Stöhnend schlurfte sie ins Bad, um sich weitere Drogen zu verabreichen. Aufputschtabletten, Aspirin, homöopathische Zuckerkugeln, alles wild durcheinander. Egal. Hanna war fast nie krank, aber wenn doch, dann schluckte sie alles, was ihr in die Quere kam. Sie hasste es, krank zu sein. Ihr Spiegelbild sagte ihr auch, warum. Einfach gruselig. In so ein Schnupfenwrack würde sich garantiert niemand verlieben.
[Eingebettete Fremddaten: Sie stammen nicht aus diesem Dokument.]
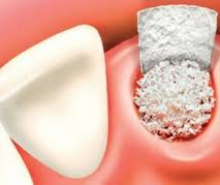 Nhổ răng bảo tồn xương ổ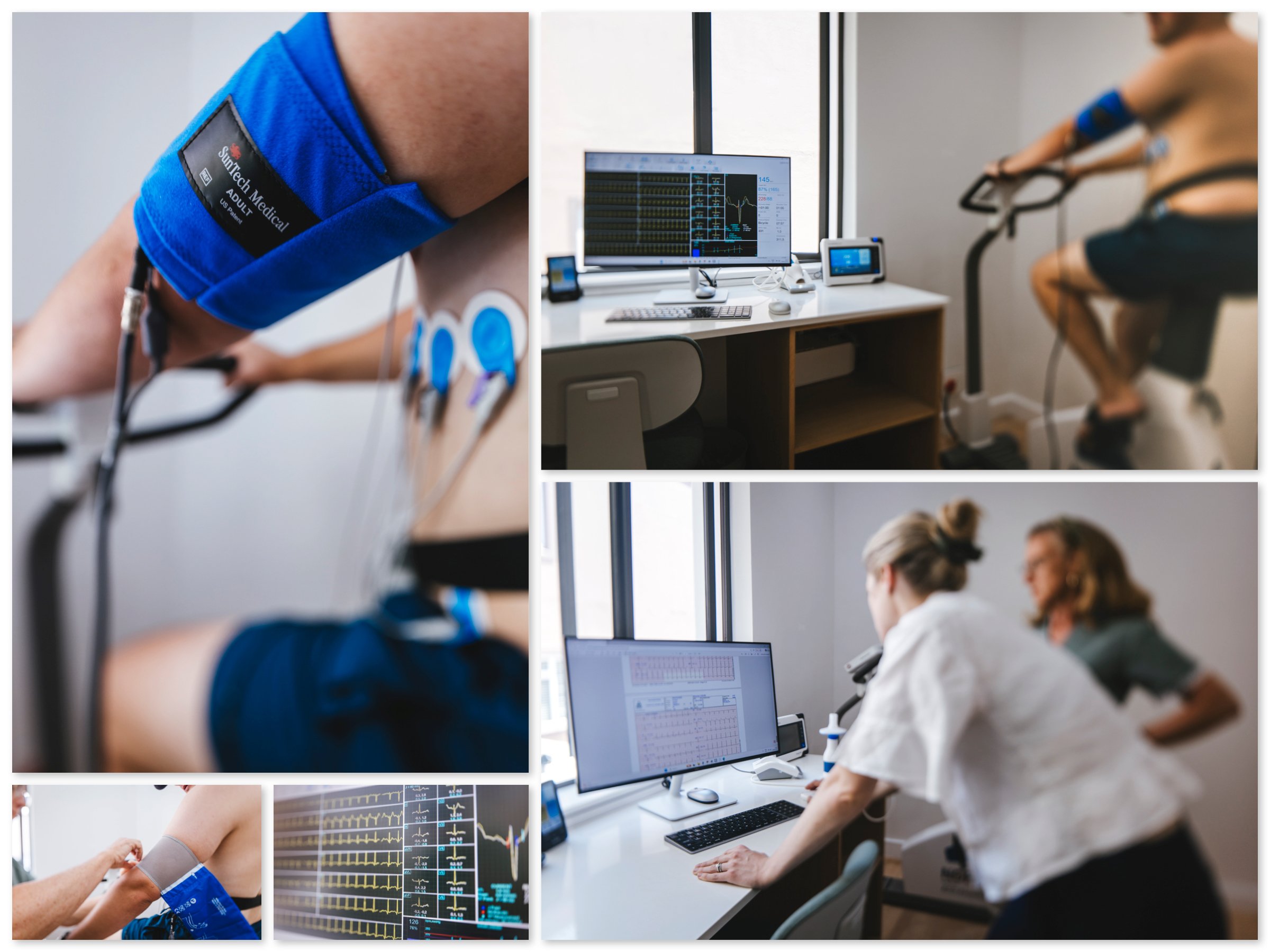 Exercise stress ECG testing at Peak Family Practice in Hout Bay, showing heart monitoring, blood pressure measurement, and real-time ECG analysis during exertion.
Weder Theo noch sonst jemand. Sie warf drei Antigrippepillen ein und sprengte damit die Tageshöchstdosis schon nachmittags um halb vier um hundert Prozent. Dann schlurfte sie zurück auf ihre Couch. Kaum dort angekommen, klingelte das Telefon erneut. Abtauchen hilft nicht, dachte sie. Entschlossen griff sie zum Hörer.
»Hallo?«, giftete es ihr entgegen. »Steiner hier. Ilse Steiner.«
Mein Gott. Das mörderische Schaf, dachte Hanna benebelt.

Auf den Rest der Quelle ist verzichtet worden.